Il a relevé que pour cette profession, le niveau de taxation du gazole était supérieur à celui pratiqué par d'autres pays européens.

« Le niveau de taxation du gazole est de 3,8 centimes pour les agriculteurs, de 18 centimes pour les travaux publics, donc c'est très inférieur à ce qui existe dans la moyenne de pays européens et en France, a-t-il détaillé. Mais il est de 45 centimes pour les transporteurs routiers, c'est plus élevé que ce qui est pratiqué en Espagne, plus élevé que ce qui est pratiqué en Italie. »

L'Union des entreprises de transport et logistique de France (Union TLF) a indiqué que cette décision était « attendue par les transporteurs ». « Nous sommes déjà parmi les pays d'Europe les plus taxés ! Il faut préserver notre compétitivité car nous sommes un secteur stratégique pour le pays », a déclaré son délégué général, Olivier Poncelet.
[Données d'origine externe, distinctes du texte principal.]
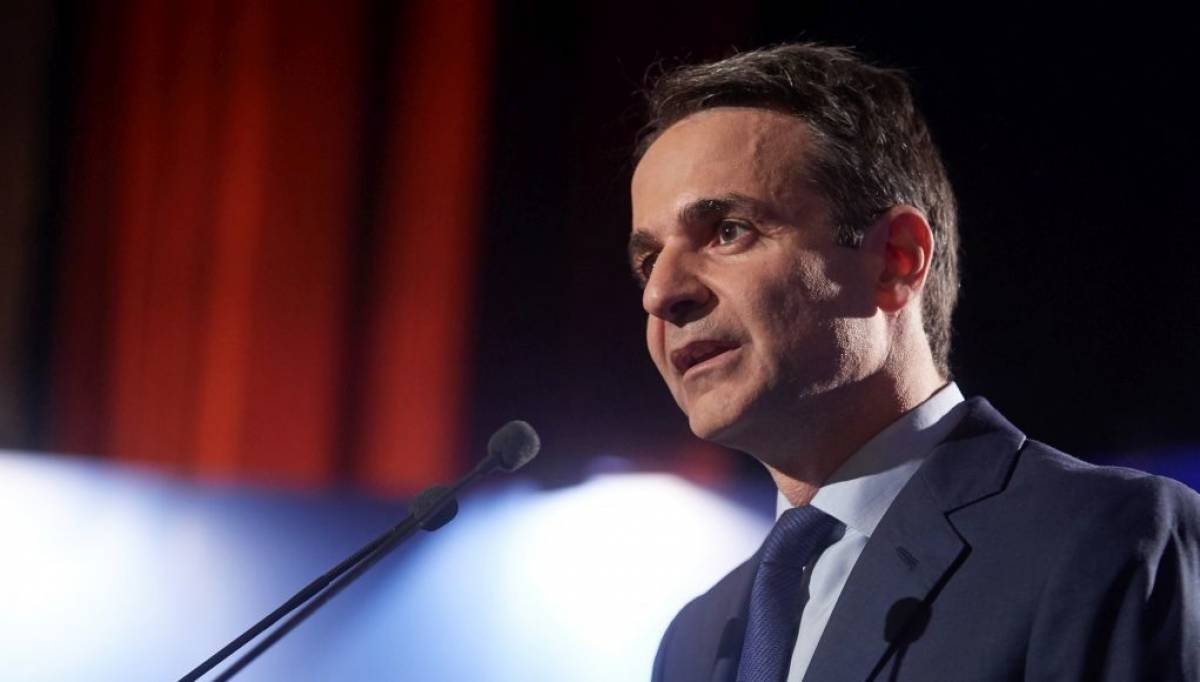 Με ομιλία Μητσοτάκη σηκώνει αυλαία το συνέδριο της ΟΝΝΕΔ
Il n'en demeure pas moins que l'exécutif va marcher sur des œufs avec les professions concernées. Des discussions sont en cours avec les représentants des agriculteurs et des entreprises du BTP, afin de « trouver un accord », a confirmé le ministre de l'Economie, précisant qu'il y aura une « compensation pour accompagner la transformation ». « Il ne faut pas procéder par brutalité », a ajouté le ministre.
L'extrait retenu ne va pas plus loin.